WHAT TO PRODUCE:
In the data below, find the line that contains "Liên tục dính" and the line that contains "Men's Levi signature". Copy both, plus every line between them, exactly.

SOURCE MATERIAL:
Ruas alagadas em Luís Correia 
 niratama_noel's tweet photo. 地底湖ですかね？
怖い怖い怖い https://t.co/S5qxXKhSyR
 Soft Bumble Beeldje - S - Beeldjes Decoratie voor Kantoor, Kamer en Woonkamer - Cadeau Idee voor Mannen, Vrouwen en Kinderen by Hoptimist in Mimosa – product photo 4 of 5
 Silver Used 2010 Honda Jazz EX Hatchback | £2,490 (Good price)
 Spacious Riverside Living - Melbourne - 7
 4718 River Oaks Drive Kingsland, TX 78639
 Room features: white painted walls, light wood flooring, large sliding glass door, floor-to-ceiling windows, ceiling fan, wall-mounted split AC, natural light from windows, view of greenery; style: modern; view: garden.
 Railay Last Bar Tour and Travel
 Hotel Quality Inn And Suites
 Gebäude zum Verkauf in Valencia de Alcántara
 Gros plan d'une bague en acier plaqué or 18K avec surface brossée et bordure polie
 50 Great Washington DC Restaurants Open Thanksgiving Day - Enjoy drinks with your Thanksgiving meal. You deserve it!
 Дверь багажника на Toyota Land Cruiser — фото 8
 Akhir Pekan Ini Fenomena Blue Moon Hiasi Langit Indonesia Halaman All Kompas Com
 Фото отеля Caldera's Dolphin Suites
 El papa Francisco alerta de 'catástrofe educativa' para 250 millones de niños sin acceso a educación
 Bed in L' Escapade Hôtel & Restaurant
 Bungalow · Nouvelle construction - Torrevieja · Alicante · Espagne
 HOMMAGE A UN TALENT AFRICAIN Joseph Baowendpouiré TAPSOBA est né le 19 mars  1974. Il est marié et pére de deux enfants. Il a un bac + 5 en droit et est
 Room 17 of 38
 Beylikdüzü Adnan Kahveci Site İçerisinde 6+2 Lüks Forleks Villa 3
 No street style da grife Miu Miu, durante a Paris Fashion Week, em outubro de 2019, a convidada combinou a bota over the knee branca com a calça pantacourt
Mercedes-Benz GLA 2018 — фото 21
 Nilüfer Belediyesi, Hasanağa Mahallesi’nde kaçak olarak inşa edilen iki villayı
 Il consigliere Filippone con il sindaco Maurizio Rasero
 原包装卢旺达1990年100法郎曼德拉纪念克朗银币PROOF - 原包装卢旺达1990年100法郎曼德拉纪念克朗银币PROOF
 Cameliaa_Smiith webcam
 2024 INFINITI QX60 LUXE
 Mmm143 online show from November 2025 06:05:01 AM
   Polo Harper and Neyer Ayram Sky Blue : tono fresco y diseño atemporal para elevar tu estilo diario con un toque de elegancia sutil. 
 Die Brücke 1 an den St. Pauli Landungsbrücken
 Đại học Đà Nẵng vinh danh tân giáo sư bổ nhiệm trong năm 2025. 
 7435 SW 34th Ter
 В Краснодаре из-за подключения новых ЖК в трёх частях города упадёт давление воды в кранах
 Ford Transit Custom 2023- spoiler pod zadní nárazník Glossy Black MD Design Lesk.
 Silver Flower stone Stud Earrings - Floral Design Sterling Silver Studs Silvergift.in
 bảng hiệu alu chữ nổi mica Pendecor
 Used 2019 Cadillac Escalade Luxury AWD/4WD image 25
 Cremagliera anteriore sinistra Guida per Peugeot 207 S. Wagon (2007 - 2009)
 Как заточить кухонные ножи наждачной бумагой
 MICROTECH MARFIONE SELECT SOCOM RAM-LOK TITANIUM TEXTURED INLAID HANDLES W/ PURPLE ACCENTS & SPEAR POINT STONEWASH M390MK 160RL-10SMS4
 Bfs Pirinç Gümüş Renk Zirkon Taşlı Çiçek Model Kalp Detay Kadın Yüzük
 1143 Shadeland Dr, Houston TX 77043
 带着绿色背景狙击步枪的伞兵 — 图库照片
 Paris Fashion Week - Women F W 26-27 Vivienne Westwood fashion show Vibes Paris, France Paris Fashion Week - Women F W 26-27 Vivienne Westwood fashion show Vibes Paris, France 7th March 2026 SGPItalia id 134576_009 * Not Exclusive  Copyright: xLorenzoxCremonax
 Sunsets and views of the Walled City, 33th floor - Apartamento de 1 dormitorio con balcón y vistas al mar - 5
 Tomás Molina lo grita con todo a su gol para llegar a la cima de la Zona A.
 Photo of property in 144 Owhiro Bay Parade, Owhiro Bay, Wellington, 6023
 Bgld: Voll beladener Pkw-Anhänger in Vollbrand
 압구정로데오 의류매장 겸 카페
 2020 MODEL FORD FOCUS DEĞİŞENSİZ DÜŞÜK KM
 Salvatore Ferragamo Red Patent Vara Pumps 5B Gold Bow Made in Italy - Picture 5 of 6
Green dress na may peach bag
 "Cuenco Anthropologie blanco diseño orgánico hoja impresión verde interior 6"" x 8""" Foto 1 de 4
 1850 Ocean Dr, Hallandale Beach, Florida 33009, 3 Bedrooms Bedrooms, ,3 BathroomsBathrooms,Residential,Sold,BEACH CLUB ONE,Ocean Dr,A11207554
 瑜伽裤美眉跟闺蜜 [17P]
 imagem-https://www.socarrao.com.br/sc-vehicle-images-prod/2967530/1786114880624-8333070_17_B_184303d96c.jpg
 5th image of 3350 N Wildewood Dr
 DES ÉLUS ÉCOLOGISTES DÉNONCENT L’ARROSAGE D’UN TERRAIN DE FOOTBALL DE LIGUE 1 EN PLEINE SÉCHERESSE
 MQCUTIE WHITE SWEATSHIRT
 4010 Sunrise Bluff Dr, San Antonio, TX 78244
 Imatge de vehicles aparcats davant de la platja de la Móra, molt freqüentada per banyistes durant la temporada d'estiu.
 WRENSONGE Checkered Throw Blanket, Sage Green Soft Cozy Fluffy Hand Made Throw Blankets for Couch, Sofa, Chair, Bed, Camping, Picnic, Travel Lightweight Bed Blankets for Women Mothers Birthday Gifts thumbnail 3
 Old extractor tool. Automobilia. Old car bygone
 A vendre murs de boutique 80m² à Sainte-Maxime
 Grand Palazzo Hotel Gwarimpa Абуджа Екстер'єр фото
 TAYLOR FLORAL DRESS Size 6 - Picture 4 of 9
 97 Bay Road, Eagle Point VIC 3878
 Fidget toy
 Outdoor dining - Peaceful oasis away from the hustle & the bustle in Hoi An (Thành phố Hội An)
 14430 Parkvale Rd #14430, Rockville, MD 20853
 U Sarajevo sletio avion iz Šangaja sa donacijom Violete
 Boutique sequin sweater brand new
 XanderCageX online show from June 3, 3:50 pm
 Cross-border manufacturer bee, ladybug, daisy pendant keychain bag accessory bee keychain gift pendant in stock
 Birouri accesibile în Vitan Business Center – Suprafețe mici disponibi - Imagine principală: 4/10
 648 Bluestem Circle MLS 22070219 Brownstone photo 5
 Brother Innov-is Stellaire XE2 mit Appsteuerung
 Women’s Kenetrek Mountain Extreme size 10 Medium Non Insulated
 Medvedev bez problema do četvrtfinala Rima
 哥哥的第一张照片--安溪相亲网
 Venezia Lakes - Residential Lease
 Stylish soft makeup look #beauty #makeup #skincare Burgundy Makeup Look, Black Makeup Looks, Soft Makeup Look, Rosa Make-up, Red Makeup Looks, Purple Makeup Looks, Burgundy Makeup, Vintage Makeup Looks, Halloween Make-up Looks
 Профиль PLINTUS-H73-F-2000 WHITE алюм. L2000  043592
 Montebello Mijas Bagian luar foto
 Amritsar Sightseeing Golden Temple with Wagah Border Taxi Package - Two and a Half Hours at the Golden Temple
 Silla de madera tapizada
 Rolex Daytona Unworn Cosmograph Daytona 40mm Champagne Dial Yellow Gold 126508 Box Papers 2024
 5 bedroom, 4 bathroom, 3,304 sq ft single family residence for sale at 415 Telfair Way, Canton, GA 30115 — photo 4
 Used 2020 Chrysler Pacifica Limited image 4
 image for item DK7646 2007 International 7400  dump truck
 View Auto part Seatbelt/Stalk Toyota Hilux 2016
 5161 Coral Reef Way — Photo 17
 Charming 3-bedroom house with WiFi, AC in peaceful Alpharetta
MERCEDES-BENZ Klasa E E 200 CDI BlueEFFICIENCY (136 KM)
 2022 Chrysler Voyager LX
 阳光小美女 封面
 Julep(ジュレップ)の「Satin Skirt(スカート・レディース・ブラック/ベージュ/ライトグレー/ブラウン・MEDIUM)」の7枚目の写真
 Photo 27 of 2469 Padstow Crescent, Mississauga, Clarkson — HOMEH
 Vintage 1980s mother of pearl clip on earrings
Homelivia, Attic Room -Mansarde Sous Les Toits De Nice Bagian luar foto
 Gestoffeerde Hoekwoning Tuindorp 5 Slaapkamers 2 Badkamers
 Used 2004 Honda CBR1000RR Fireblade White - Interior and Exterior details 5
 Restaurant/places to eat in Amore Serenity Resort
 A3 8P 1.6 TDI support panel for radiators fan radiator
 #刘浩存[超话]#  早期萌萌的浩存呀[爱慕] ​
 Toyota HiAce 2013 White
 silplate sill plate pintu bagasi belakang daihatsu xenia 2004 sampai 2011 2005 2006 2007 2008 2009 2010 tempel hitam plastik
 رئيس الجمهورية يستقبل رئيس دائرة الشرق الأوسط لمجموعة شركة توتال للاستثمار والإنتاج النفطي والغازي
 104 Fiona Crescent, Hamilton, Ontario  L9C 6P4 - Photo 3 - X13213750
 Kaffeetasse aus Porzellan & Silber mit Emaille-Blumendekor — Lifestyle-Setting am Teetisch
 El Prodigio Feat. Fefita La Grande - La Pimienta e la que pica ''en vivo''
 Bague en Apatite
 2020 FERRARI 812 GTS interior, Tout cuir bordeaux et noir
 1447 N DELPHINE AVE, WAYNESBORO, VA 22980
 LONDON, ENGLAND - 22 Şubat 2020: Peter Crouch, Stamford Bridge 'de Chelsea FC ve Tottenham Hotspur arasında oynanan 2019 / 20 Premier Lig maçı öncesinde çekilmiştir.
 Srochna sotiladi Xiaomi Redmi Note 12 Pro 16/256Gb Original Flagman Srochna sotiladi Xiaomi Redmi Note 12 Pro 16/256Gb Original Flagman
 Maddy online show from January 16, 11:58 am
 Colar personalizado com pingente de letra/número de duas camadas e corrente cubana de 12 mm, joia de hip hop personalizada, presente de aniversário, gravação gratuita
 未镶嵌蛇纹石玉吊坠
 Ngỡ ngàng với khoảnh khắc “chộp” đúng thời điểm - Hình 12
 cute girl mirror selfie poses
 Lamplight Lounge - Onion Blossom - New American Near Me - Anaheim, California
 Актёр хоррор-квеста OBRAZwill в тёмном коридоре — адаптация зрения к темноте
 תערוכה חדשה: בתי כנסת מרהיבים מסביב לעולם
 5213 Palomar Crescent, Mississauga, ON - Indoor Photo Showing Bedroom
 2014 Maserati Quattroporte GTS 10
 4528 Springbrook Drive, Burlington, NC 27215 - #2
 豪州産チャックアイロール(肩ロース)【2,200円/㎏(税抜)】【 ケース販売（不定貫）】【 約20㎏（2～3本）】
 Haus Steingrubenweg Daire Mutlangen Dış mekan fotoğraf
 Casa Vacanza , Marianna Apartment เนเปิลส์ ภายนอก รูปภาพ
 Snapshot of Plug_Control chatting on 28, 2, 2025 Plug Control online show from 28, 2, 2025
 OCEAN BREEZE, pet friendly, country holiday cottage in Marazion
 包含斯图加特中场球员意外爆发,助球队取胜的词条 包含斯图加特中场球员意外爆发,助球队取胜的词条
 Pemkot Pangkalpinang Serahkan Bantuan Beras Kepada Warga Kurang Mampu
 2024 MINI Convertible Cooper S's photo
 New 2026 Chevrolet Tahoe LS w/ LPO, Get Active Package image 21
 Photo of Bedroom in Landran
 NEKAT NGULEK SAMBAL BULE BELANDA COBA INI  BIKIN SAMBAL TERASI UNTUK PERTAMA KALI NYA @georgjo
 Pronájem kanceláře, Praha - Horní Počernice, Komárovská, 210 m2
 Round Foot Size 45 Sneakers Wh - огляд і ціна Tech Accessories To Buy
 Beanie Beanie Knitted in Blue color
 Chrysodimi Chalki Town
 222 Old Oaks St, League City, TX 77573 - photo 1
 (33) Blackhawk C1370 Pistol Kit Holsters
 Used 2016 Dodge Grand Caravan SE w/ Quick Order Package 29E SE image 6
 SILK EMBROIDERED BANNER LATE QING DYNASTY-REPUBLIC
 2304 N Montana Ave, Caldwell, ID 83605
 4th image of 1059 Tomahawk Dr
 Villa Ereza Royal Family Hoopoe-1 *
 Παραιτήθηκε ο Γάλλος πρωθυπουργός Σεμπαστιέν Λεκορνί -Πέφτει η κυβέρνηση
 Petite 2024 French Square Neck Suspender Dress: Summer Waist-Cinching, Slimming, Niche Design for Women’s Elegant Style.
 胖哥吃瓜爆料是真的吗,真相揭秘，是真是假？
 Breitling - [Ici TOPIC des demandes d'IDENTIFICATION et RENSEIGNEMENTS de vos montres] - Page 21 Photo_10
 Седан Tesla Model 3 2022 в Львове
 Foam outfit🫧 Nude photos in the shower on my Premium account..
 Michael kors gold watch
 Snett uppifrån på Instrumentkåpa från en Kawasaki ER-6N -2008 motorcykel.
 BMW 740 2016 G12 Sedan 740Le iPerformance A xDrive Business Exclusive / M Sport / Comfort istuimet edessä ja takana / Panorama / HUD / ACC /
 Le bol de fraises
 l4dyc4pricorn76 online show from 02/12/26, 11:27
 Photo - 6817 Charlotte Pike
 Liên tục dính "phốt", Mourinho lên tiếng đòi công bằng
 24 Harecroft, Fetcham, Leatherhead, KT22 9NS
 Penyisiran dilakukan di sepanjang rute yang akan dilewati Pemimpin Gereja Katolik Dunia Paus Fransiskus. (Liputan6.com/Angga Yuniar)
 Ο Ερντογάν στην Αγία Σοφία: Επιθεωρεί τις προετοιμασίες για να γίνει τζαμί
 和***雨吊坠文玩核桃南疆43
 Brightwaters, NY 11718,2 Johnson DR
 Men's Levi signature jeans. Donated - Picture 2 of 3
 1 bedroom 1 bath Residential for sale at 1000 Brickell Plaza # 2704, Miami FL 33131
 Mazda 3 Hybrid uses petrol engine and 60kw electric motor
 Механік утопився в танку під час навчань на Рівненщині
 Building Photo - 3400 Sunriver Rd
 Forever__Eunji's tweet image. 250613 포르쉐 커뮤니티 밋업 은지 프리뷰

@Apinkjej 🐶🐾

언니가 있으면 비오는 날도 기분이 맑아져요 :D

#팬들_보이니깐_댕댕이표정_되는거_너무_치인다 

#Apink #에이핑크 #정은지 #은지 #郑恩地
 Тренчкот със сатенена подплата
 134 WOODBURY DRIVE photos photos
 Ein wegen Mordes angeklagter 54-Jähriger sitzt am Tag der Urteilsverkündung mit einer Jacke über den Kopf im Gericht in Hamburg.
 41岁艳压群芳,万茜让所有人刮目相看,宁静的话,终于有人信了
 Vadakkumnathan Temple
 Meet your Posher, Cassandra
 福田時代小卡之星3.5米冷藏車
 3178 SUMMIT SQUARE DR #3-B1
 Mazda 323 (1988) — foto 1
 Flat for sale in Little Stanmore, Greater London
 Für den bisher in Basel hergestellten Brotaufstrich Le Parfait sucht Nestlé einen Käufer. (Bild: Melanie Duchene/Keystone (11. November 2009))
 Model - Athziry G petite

TASK ANSWER:
 Liên tục dính "phốt", Mourinho lên tiếng đòi công bằng
 24 Harecroft, Fetcham, Leatherhead, KT22 9NS
 Penyisiran dilakukan di sepanjang rute yang akan dilewati Pemimpin Gereja Katolik Dunia Paus Fransiskus. (Liputan6.com/Angga Yuniar)
 Ο Ερντογάν στην Αγία Σοφία: Επιθεωρεί τις προετοιμασίες για να γίνει τζαμί
 和***雨吊坠文玩核桃南疆43
 Brightwaters, NY 11718,2 Johnson DR
 Men's Levi signature jeans. Donated - Picture 2 of 3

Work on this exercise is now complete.